Torchscript Trace slower with C++ runtime environment.
sukuya opened this issue · 3 comments
sukuya commented
I traced the BERT model from PyTorchTransformers library and getting the following results for 10 iterations.
a) Using Python runtime for running the forward: 979,292 µs
import time
model = torch.jit.load('models_backup/2_2.pt')
x = torch.randint(2000, (1, 14), dtype=torch.long, device='cpu')
start = time.time()
for i in range(10):
model(x)
end = time.time()
print((end - start)*1000000, "µs")
b) Using C++ runtime for running the forward: 3,333,758 µs which is almost 3x of what Python
torch::Tensor x = torch::randint(index_max, {1, inputsize}, torch::dtype(torch::kInt64).device(torch::kCPU));
input.push_back(x);
#endif
// Execute the model and turn its output into a tensor.
auto outputs = module->forward(input).toTuple();
auto start = chrono::steady_clock::now();
for (int16_t i = 0; i<10; ++i)
{
outputs = module->forward(input).toTuple();
}
auto end = chrono::steady_clock::now();
cout << "Elapsed time in microseconds : "

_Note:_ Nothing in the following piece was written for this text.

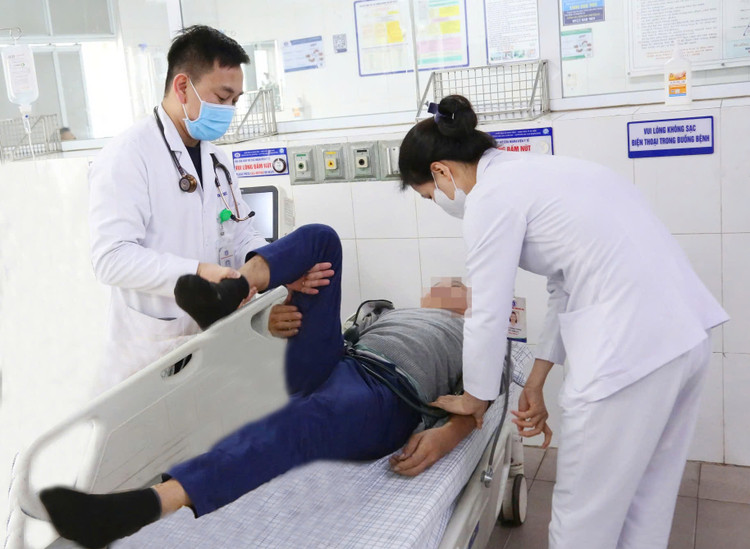 Hình ảnh người bệnh được thăm khám tại Trung tâm Đột quỵ - Ảnh BVCC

<< chrono::duration_cast<chrono::microseconds>(end - start).count()
<< " µs" << endl;
@thomwolf any suggestions on what am I missing ?
Meteorix commented
2 possible reasons:
- the first time you run
forward
will do some preheating work, maybe you should exclude the first run. - try exclude
toTuple
According to my experience, jit with python or c++ will cost almost the same time.
sukuya commented
@Meteorix Forward is called once before the loop, are you talking about something else.
Excluding toTuple
doesn't help.
stale commented
This issue has been automatically marked as stale because it has not had recent activity. It will be closed if no further activity occurs. Thank you for your contributions.